Floating-point programs suffer from accumulated rounding errors, making invariant verification challenging. To address this, we propose a compact floating-point invariant generation framework. Methodologically, we innovatively integrate FPTaylor’s first-order differential error analysis with constraint solving, enabling support for conditional branches. We design two polynomial invariant generation algorithms: one handles general floating-point operations but requires an initial invariant; the other is initialization-free but restricted to polynomial programs. By combining symbolic execution, faithful floating-point arithmetic modeling, and polynomial synthesis, our approach precisely captures program behavior under error perturbations. Experimental evaluation on multiple benchmarks demonstrates significant improvements over state-of-the-art methods in both efficiency and precision of invariant generation—particularly achieving breakthroughs in tightness of error bounds and computational scalability.

In numeric-intensive computations, it is well known that the execution of floating-point programs is imprecise as floating point arithmetics (e.g., addition, subtraction, multiplication, division, etc.) incurs rounding errors.

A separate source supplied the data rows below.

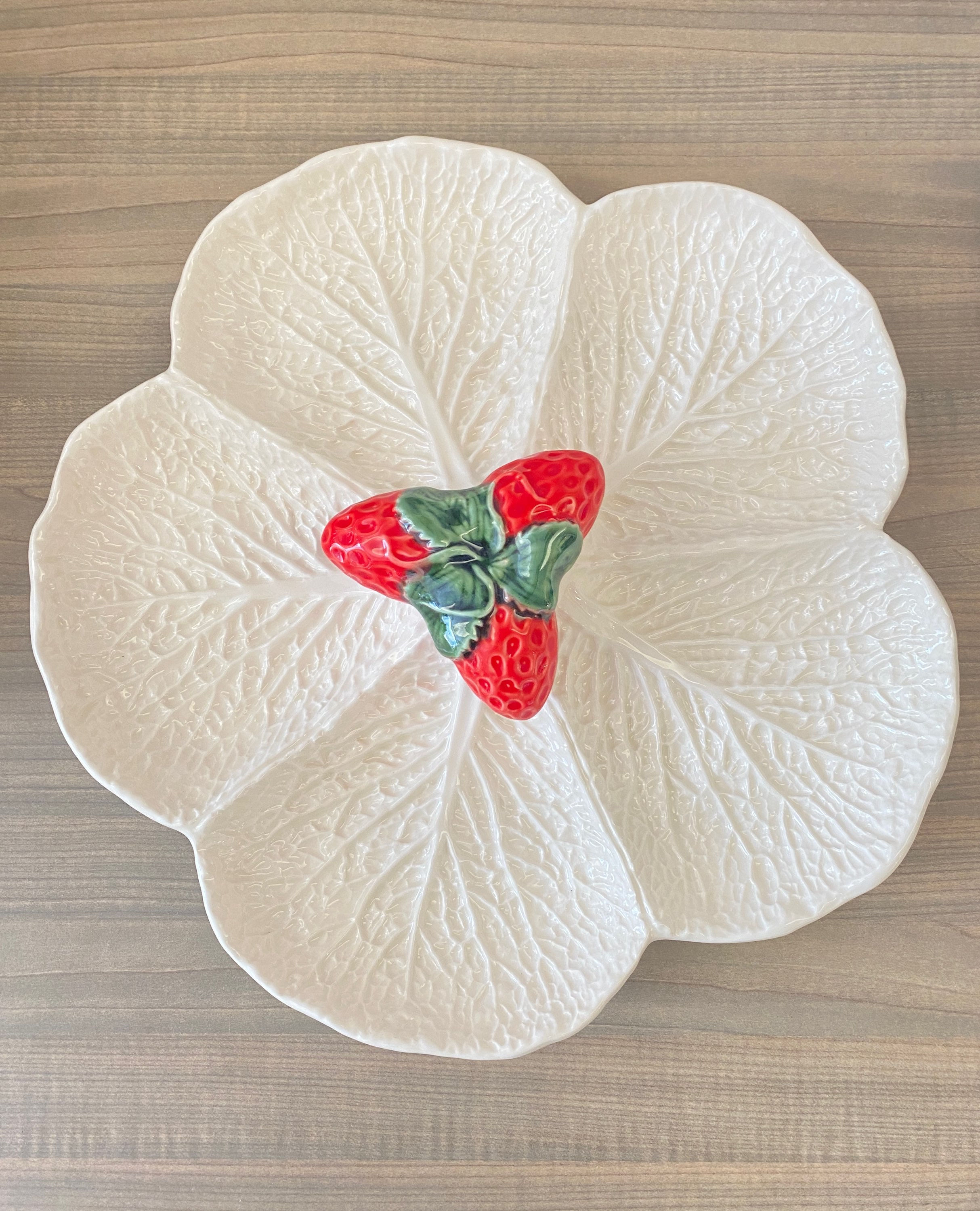 prato couve branca com morangos aperitivos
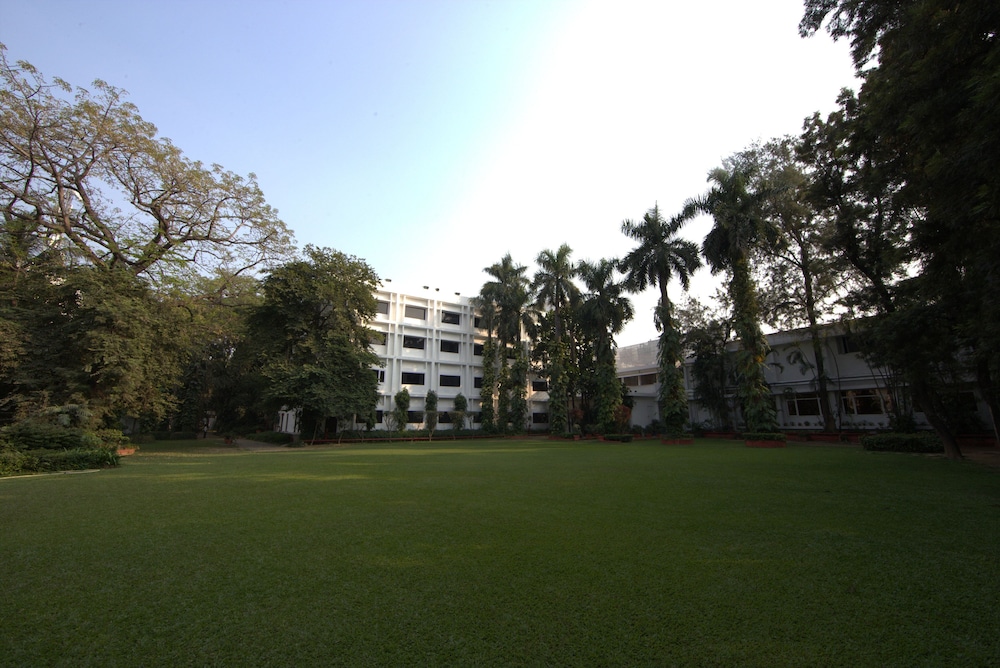 Clarks Hotel 47/50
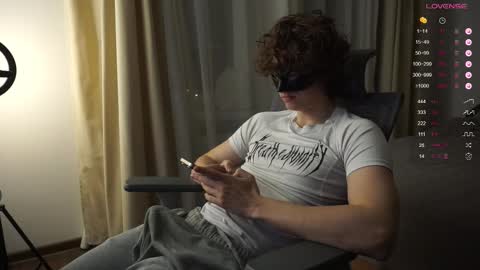 Mike XMaestro 3369 online show from November 18, 2025, 3:05 pm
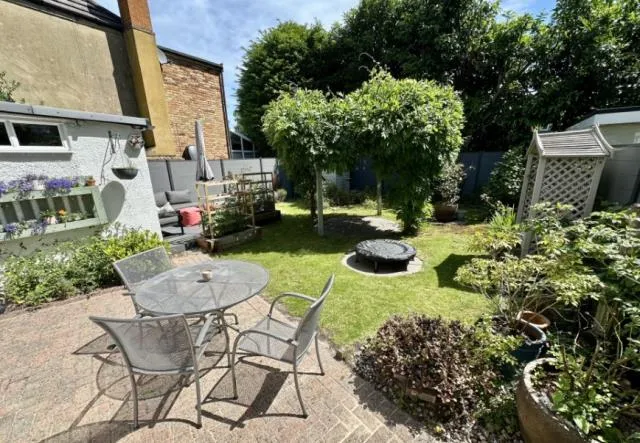 Westfield Road, Woking, GU22, photo 22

Albeit the rounding error is small for every single floating-point operation, the aggregation of such error in multiple operations may be dramatic and cause catastrophic program failures. Therefore, to ensure the correctness of floating-point programs, the effect of floating point error needs to be carefully taken into account. In this work, we consider the invariant generation for floating point programs, whose aim is to generate tight invariants under the perturbation of floating point errors. Our main contribution is a theoretical framework on how to apply constraint solving methods to address the invariant generation problem. In our framework, we propose a novel combination between the first-order differential characterization by FPTaylor (TOPLAS 2018) and constraint solving methods, aiming to reduce the computational burden of constraint solving. Moreover, we devise two polynomial invariant generation algorithms to instantiate the framework. The first algorithm is applicable to a wide range of floating-point operations but requires an initial (coarse) invariant as external input, while the second does not require an initial invariant but is limited to polynomial programs. Furthermore, we show how conditional branches, a difficult issue in floating-point analysis, can be handled in our framework. Experimental results show that our algorithms outperform SOTA approaches in both the time efficiency and the precision of the generated invariants over a variety of benchmarks.